Best Practices and Common Pitfalls
Avoid scalar subqueries in SELECT that execute per row:
-- Anti-pattern: subquery runs for every row
SELECT
name,
salary,
(SELECT AVG(salary) FROM employees WHERE department_id = e.department_id) AS dept_avg
FROM employees e;
-- Better: calculate once with CTE
WITH department_averages AS (
SELECT department_id, AVG(salary) AS avg_salary
FROM employees
GROUP BY department_id
)
SELECT
e.name,
e.salary,
da.avg_salary AS dept_avg
FROM employees e
JOIN department_averages da ON e.department_id = da.department_id;
Name your CTEs descriptively. cte1, temp, or x are useless. Use names like active_customers, monthly_revenue, or filtered_orders that explain what the CTE contains.

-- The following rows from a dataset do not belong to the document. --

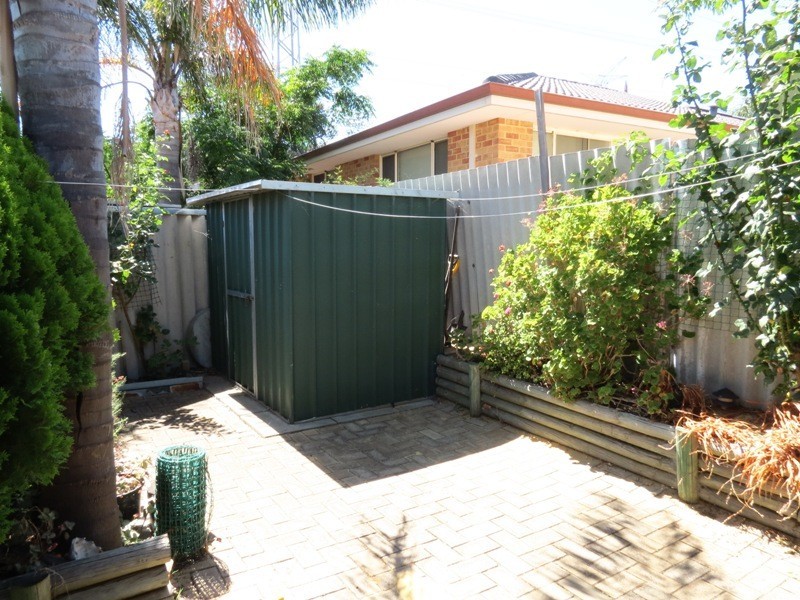 4/16 Rambutan Place, South Lake WA 6164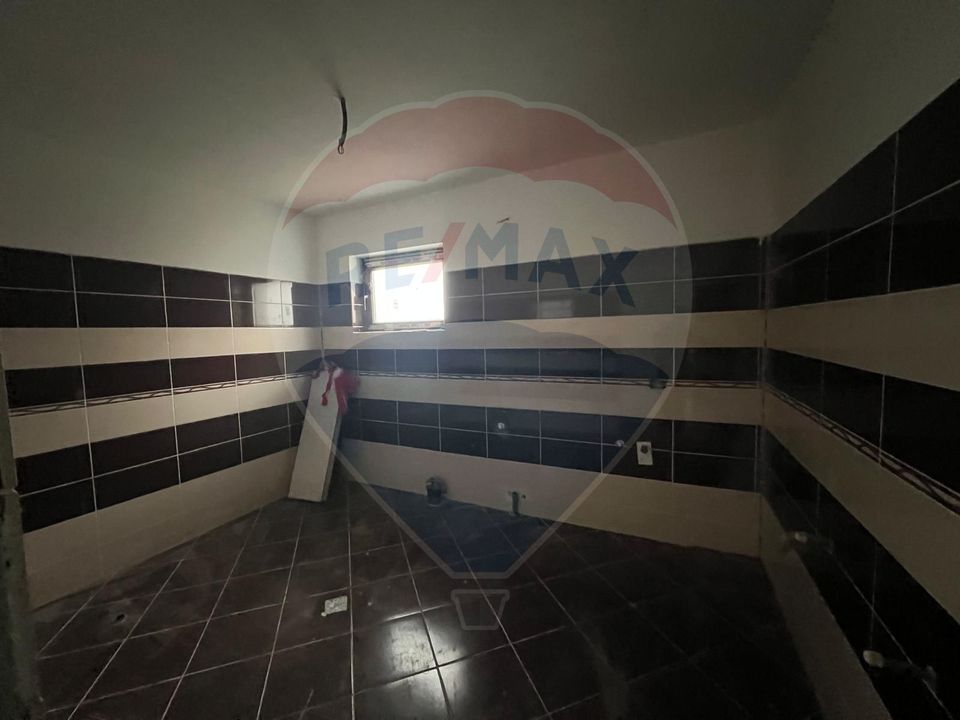 Casă 4 camere Rachitosu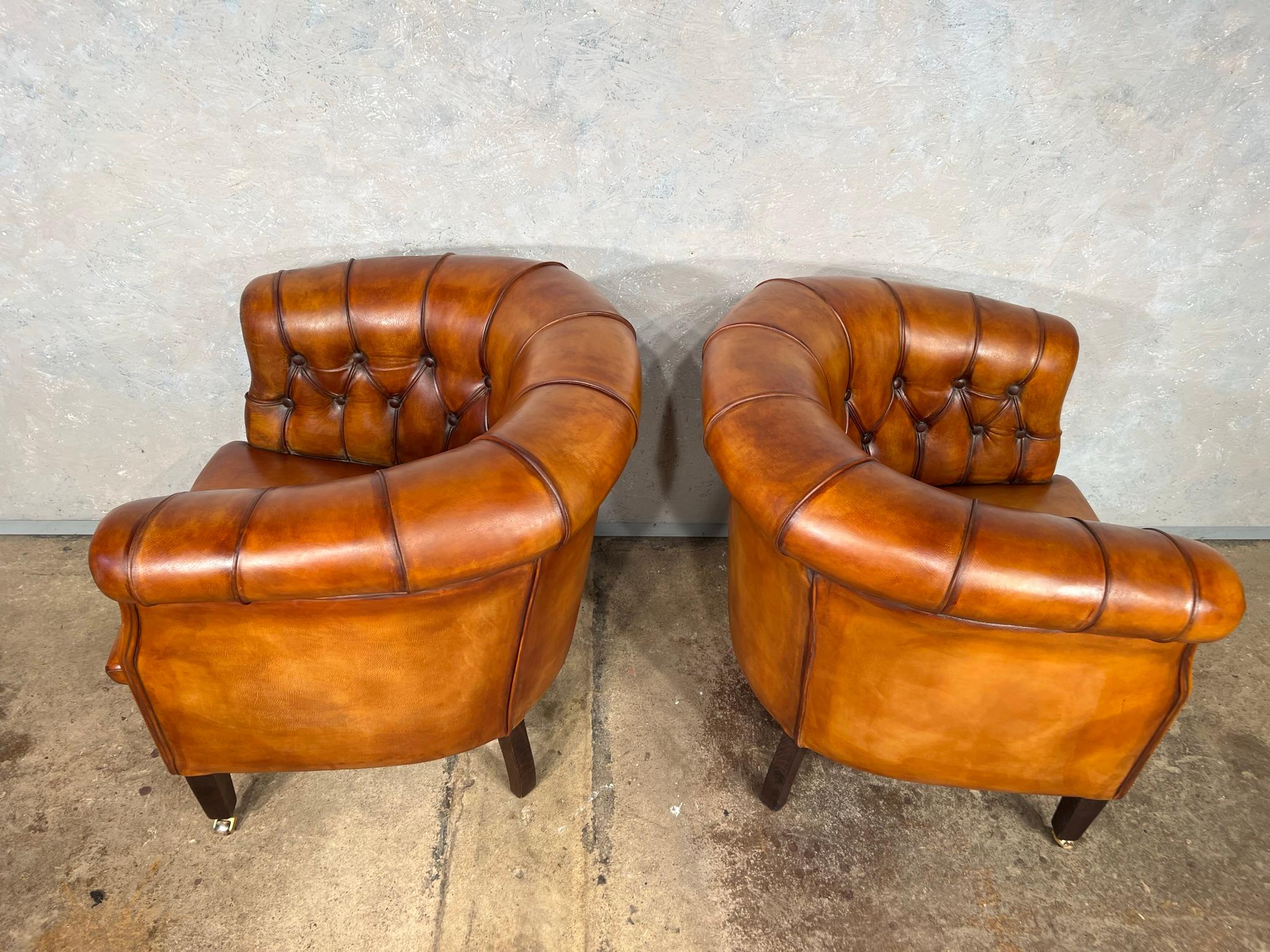 Great Pair of Vintage Light Tan Leather Tub Chairs For Sale 6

Remember that SQLite doesn’t support materialization hints like PostgreSQL’s MATERIALIZED. You can’t force SQLite to compute and store a CTE result. The optimizer decides. If you need guaranteed materialization, create a temporary table:
CREATE TEMP TABLE department_averages AS
SELECT department_id, AVG(salary) AS avg_salary
FROM employees
GROUP BY department_id;
-- Use the temp table in subsequent queries
SELECT e.name, e.salary
FROM employees e
JOIN department_averages da ON e.department_id = da.department_id
WHERE e.salary > da.avg_salary;
DROP TABLE department_averages;
For recursive CTEs, always include a termination condition to prevent infinite loops. Limit recursion depth if you’re unsure about your data structure.
Choose the right tool for your specific situation. Simple queries don’t need CTEs. Complex queries become unmaintainable with deeply nested subqueries. Write code that the next developer (or future you) can understand and modify confidently.